1. In this double-blind randomized trial of COPD patients without previous indication for beta blocker therapy, treatment with extended-release beta-blockers failed to generate improved health outcomes versus placebo. No significant between-group difference was found in the median time until the first exacerbation of COPD.
2. Patients in the metoprolol group were more likely to experience severe exacerbations and to discontinue treatment compared to patients given placebo. A nonsignificant doubling of mortality was also observed in the metoprolol group.

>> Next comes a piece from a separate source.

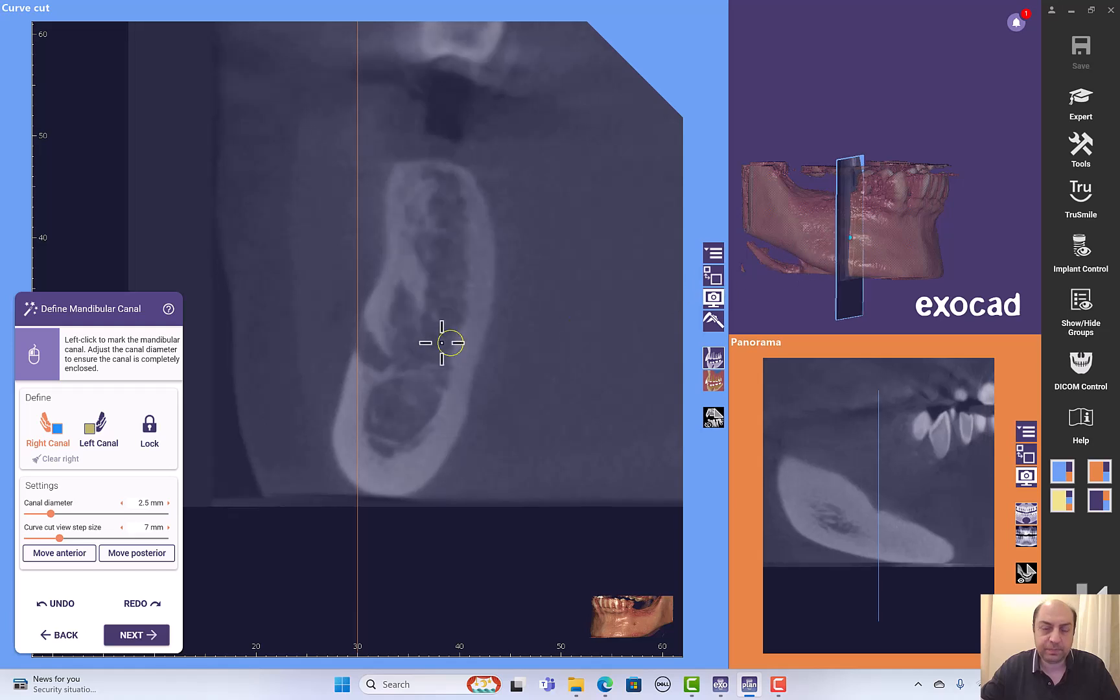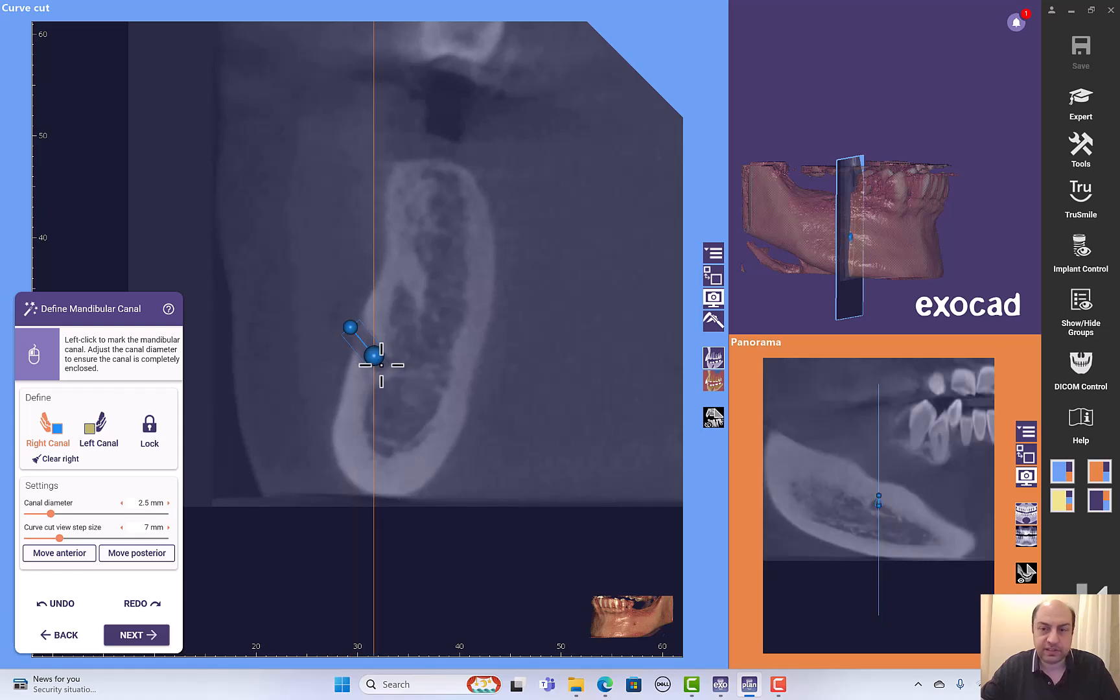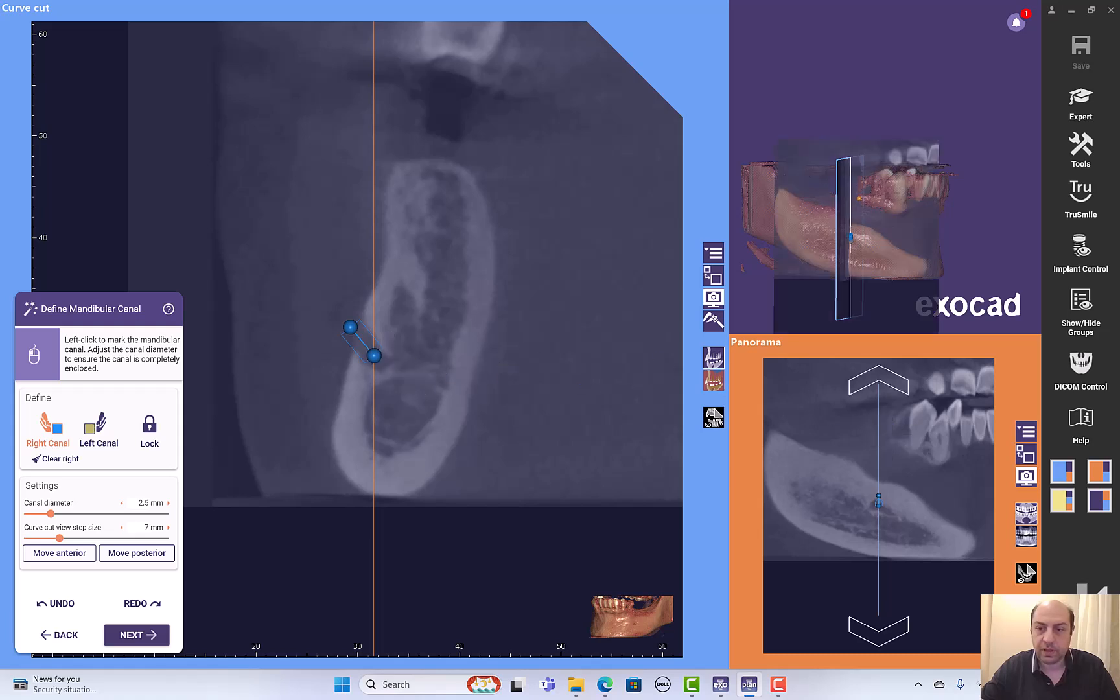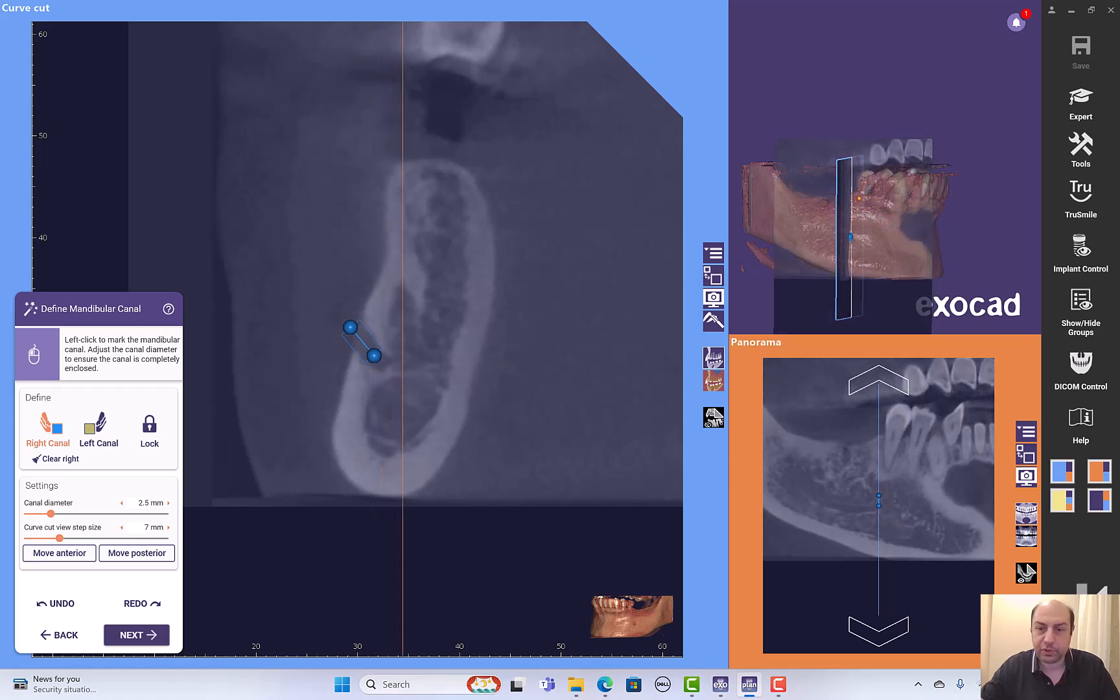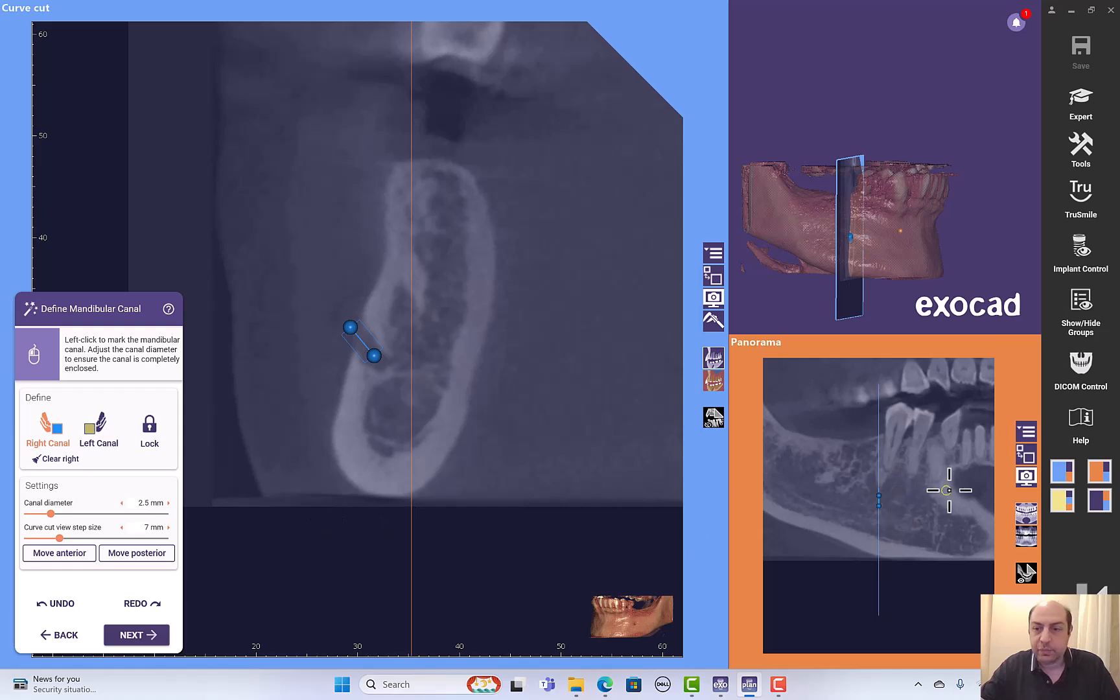I will click on the 3D again. I will start my point, first one outside the mental, second is inside. I can adjust the panoramic curve too and I can move posteriorly and click a dot.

Evidence Rating Level: 1 (Excellent)
Study Rundown: In patients with chronic obstructive pulmonary disease (COPD), underlying cardiovascular disease is a common major risk factor for exacerbations that can lead to hospitalization and reduced survival. Beta-blockers are a mainstay of treatment for patients with heart failure, but the use of these therapeutic agents is often contraindicated in COPD patients due to potentially severe adverse effects on lung function. While multiple observational studies have suggested that beta-blockers may be an effective treatment option for patients with COPD, a causal relationship has not yet been established due to possible biases inherent in the study methodology. This prospective randomized trial aimed to determine the effect of beta-blockers on the risk of exacerbations and death in patients with moderate to severe COPD without established indication for beta blocker therapy. Findings showed no significant between-group difference in the median time until the first exacerbation although those in the beta-blocker group were more likely to be hospitalized for exacerbations. Worsening of lung function assessed through spirometry was not observed in this study or in meta-analysis, but administration of beta-blockers was linked to an increased overall burden of COPD symptoms and resulted in more discontinuations versus placebo, suggesting that adverse effects were still present. These findings cast doubt on the efficacy of beta-blockers in treating COPD, highlighting the need for further research into this area.
This study boasted a large sample size and a randomized, double-blind design. However, the physiological effects of beta-blockers (lowered heart rate and blood pressure) were difficult to mask and therefore may have introduced bias. In addition, conclusions were difficult to generalize because of the homogeneity and specificity of the trial population as well as the cardioselective nature of the tested beta-blocker, metoprolol.